The discovery has just been published by the journal Nature. The study reports that researchers using the VERITAS array of four telescopes at the Fred Lawrence Whipple Observatory in Arizona have detected gamma rays of a trillion electron volts coming from the M 82 galaxy. The corresponding author of the article is Wystan Benbow of the Harvard-Smithsonian Center for Astrophysics and the Whipple Observatory.

Researchers discovered cosmic rays (mostly hydrogen nuclei) from space nearly a century ago and have developed theories about their origins in supernova remnants and star-forming galaxies, but hadn't found evidence to support those theories.

"This is a step toward solving a 100-year-old puzzle in cosmic ray physics," said Frank Krennrich, an Iowa State professor of physics and astronomy and a collaborator on the VERITAS project.

Gamma rays are high energy electromagnetic radiation. The rays discovered by the VERITAS researchers have a trillion times the energy of visible light. M 82 is a galaxy in the direction of the Ursa Major constellation that's 12 million light years from Earth. It is classified as a starburst galaxy. Such galaxies are colliding with other galaxies, causing shockwaves that compress gases and create stars at very high rates.

"What this shows is that there is a strong connection between a galaxy with high star formation, high gas density and the production of cosmic rays," Krennrich said.

But Krennrich said there's more work to be done to definitively trace gamma rays to cosmic rays in starburst galaxies.

Researchers believe more knowledge of gamma rays could help them explore distant regions of space, help them look for evidence of dark matter, determine how much electromagnetic radiation the universe has produced and answer questions about the formation of stars and galaxies.

Krennrich said one key to current gamma ray research is the VERITAS telescope system (that's the Very Energetic Radiation Imaging Telescope Array System). The $20 million instrument started operating in 2007 and is the world's most sensitive instrument for detecting gamma rays.

It's not easy to detect those rays. Even with their high energies, gamma rays can't penetrate the earth's atmosphere. When they hit the atmosphere, they create showers of electrons and positrons that create a blue light known as Cerenkov radiation. Those showers move very fast. And they're not very bright.

VERITAS looks for the rays with four reflector disks 12 meters across that look like satellite dishes. The reflectors are covered with mirrors that direct light into cameras attached to the front of each disk. Each camera is about 7 feet across and contains about 500 tube-shaped photon detectors or pixels.

All those detectors were built in a laboratory on the fourth floor of Iowa State's Zaffarano Physics Addition. The assembly took about $1 million and a lot of work by Iowa State post-doctoral researchers Martin Schroedter and Tomoyuki Nagai.

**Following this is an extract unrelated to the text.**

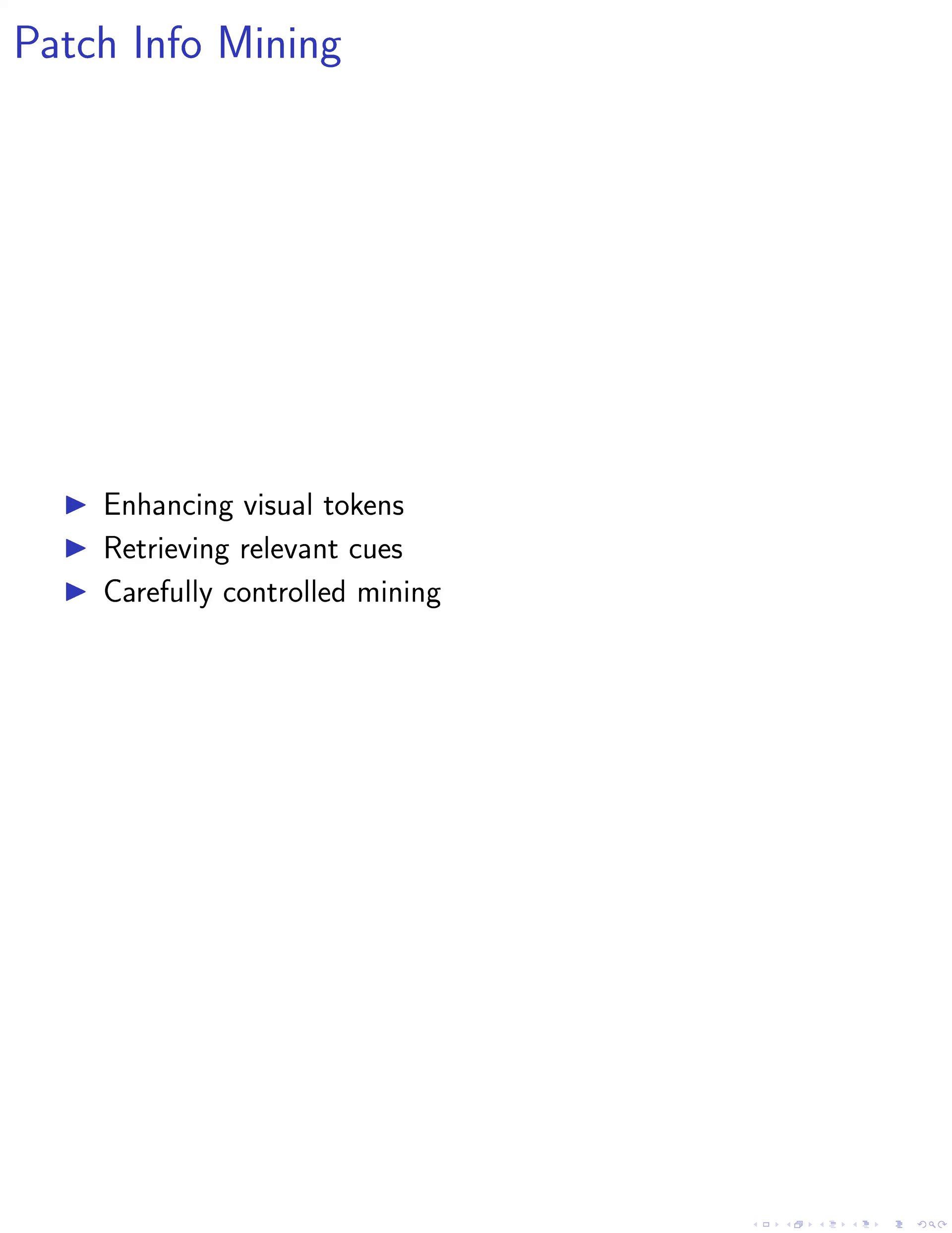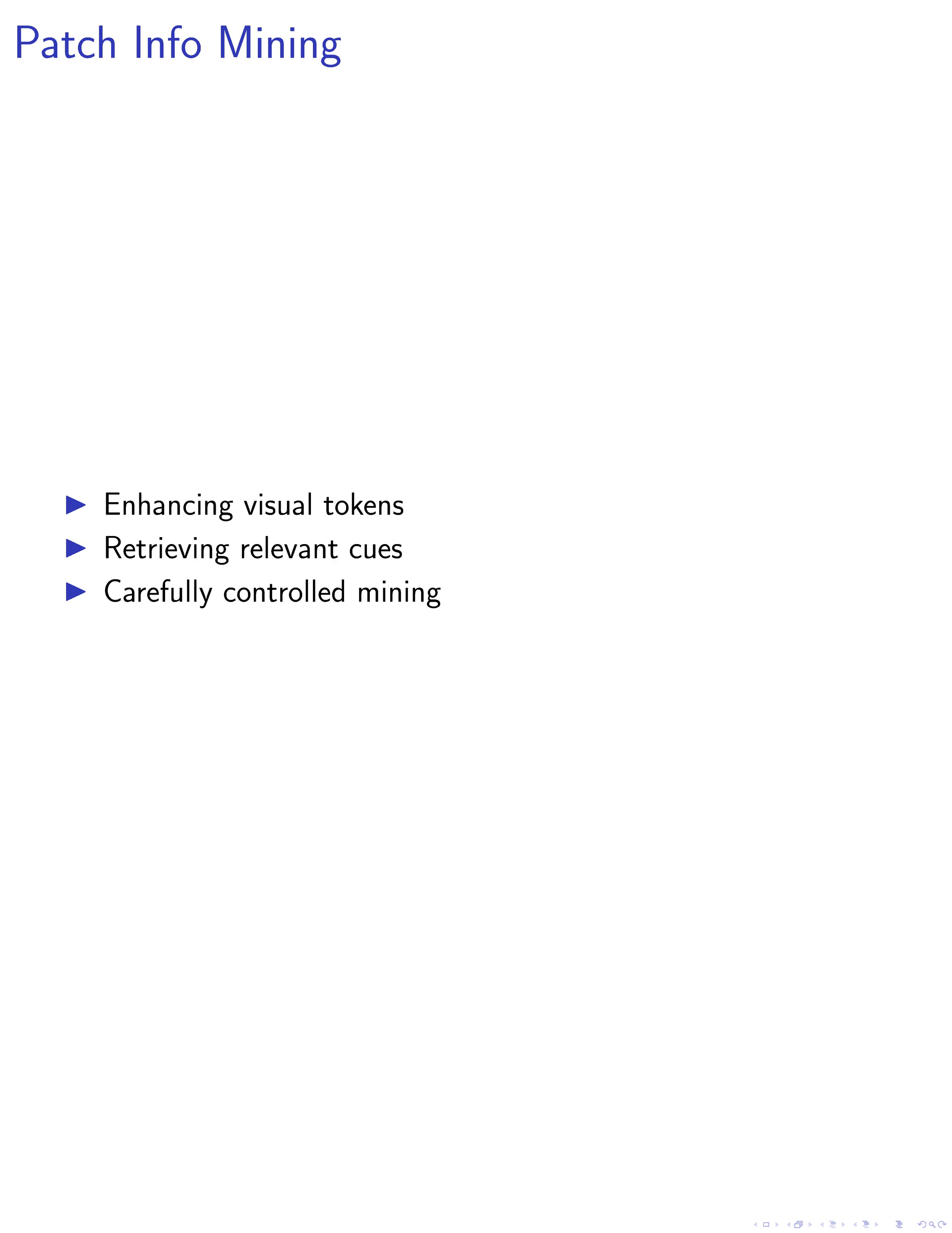Moving on to step 2, patch info mining plays a crucial role in enhancing visual tokens for subsequent processing. By utilizing the low-resolution visual embedding as a query to retrieve relevant visual cues from high-resolution candidates, we synthesize enhanced visual tokens that contribute to the overall image generation process. This mining process is carefully controlled to maintain efficiency and ensure that each query is confined to its corresponding sub-region in the high-resolution feature map.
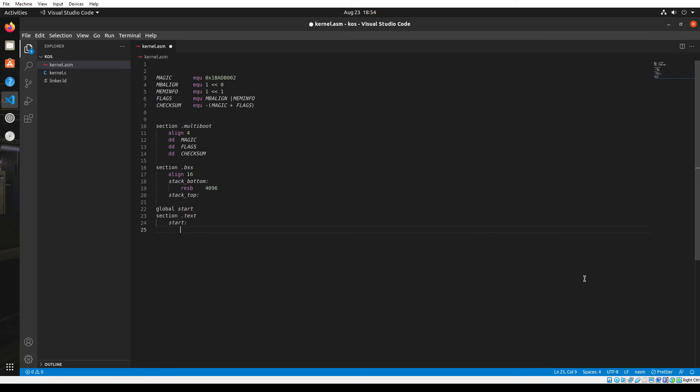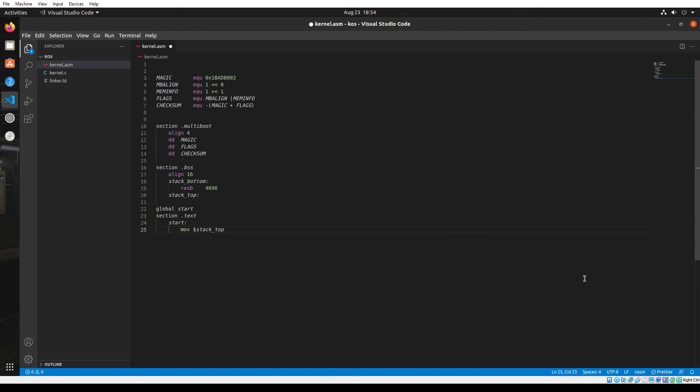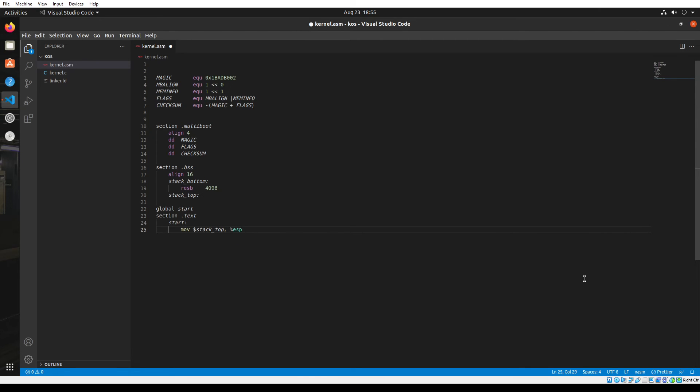Now inside the start label, first I'm going to use the move function and then take the stack_top. Using the dollar sign and then using the label, I'll get the address of the stack top label. So basically get the address of the top of the stack. Then I'm going to add it to the 32-bit ESP register, which is the stack pointer. Then we're going to call the K_main function.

The telescope system is based on techniques Iowa State researchers Richard Lamb and David Carter-Lewis helped develop in the 1980s.

And now Krennrich says researchers are contemplating the next generation of gamma ray detection systems.

Krennrich said researchers are assembling a worldwide collaboration to plan and build a $300 million, 36-telescope array. The new instrument would be known as AGIS (the Advanced Gamma-ray Imaging System) and would be 10 times more sensitive than VERITAS.

Krennrich said Iowa State researchers are working on image-recognizing technology for the AGIS system that would help researchers by automatically separating gamma ray events from background events.

The new instrument, Krennrich said, might finally produce the data that establishes the origins of gamma rays and cosmic rays.